Die entsprechende Policies gibt dabei Siemens vor, während sie Partner Orange Business Services in die SD-WAN-Controller einpflegt. Kleinere Veränderungen wie beispielsweise die Änderung einer IP-Adresse können dabei über eine API nach erfolgtem "Change Approval" automatisch durchgeführt werden. Ebenso übernimmt Orange die halbjährlichen Upgrade-Zyklen, um etwa neue Features wie ein Load Sharing ins Internet zu installieren. Die Kontrolle der Netz-Performance verbleibt dagegen bei Siemens. Allerdings müssen die Mitarbeiter nicht mehr wie früher selbst mühsam die Rohdaten sammeln und dann auswerten, sondern können jetzt den Netzzustand direkt über Dashboards monitoren.
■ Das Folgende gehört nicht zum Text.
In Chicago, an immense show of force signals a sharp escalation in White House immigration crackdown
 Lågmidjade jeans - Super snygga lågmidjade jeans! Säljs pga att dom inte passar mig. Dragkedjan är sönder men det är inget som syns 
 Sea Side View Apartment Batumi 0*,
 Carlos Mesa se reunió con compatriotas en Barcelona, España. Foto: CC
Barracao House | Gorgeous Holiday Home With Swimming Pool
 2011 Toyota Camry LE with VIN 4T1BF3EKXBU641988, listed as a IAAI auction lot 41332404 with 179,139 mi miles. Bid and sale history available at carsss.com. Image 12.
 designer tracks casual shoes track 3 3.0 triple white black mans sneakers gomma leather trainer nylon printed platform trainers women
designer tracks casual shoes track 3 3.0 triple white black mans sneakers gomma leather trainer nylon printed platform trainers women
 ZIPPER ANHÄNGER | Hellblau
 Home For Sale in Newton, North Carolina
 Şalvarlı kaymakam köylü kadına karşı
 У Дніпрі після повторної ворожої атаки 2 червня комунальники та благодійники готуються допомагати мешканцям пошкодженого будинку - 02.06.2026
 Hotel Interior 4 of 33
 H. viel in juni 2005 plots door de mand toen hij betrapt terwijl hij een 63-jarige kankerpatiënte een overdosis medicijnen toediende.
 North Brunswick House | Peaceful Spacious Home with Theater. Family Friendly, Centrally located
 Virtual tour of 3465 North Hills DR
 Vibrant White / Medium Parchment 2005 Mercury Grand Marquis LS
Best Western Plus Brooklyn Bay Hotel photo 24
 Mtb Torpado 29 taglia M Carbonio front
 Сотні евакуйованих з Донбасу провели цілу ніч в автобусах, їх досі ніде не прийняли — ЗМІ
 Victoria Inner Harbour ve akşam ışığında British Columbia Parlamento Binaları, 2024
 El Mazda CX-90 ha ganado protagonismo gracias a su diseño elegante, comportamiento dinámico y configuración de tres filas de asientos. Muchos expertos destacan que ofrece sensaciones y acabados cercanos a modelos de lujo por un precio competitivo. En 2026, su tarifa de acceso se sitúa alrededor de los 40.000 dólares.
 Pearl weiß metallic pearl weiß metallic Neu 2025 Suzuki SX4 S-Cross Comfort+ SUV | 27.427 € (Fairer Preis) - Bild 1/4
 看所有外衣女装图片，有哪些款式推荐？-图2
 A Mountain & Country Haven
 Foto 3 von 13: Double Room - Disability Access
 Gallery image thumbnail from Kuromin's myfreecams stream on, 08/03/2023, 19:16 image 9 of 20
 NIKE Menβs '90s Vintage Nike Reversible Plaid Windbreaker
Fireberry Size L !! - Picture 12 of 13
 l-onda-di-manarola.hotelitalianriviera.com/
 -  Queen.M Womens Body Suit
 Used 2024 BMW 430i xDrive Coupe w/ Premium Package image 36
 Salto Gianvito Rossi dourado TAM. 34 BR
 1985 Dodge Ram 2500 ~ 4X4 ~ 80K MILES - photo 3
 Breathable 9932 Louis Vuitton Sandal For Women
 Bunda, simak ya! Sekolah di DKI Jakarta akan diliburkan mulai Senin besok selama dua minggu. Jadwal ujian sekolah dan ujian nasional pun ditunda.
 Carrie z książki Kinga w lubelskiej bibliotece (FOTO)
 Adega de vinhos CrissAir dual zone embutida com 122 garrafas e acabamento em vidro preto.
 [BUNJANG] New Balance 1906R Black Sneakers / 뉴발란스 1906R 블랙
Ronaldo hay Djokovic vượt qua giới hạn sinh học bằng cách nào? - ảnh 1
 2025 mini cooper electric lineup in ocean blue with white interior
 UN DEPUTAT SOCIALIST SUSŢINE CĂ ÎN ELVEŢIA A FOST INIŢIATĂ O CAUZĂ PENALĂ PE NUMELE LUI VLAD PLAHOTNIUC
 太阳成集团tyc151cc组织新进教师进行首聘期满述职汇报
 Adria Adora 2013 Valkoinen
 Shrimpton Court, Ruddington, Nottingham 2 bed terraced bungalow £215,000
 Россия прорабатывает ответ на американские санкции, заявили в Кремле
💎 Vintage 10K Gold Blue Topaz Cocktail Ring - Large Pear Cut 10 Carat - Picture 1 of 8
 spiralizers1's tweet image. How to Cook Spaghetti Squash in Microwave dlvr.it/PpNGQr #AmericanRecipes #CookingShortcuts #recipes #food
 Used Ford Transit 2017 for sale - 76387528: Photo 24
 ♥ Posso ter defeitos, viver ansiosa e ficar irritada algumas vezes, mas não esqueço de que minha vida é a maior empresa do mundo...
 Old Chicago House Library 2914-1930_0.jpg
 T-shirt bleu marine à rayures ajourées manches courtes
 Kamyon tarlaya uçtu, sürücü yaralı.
Rollout unter Corona-Bedingungen

Doch bis es so weit war, mussten die Teams von Siemens und Orange Business Services erst den Rollout meistern. Und der erwies nach dem Beginn im Jahr 2019 als Herausforderung. Corona-bedingte Zugangsbeschränkungen erschwerten oder verhinderten gar komplett die Installationsarbeiten an zahlreichen Standorten. Erschwerend kam hinzu, dass aufgrund der Pandemie teilweise Vorleistungsprodukte wie Internet-Zugänge von den regionalen Service-Providern nicht zeitgerecht geliefert werden konnten. Und last, but not least wirkte sich noch die Chipkrise auf den Projektfortschritt negativ aus: Einige Hardwarekomponenten waren nur mit einem größeren Lieferverzug zu erhalten.

Doch nicht nur Corona entpuppte sich beim Rollout als Herausforderung, wie Lead Architect Becker zurückblickt: "So erwies sich auch das "Self-Install-Konzept", das wir für kleinere Standorte konzipiert hatten, als nicht trivial." Idee des Konzepts ist, dass vorkonfigurierte Geräte verschickt werden und diese vor Ort nur noch angesteckt werden. Doch aufgrund der Corona-Restriktionen waren häufig alle Mitarbeiter im Home-Office. Auch technisch, so Becker, gab es die eine oder andere Challenge zu lösen. So entpuppte sich etwa die Maximum Transmission Unit (MTU) als Stolperfalle. An einigen Stellen mussten die Techniker mit deutlich kürzeren Paketgrößen arbeiten. Dies hatte zur Folge, dass einige ältere Firewalls die PathMTU nicht korrekt erkannten und die Pakete einfach verwarfen. Mittlerweile sind alle Herausforderungen gemeistert und das SD-WAN steht.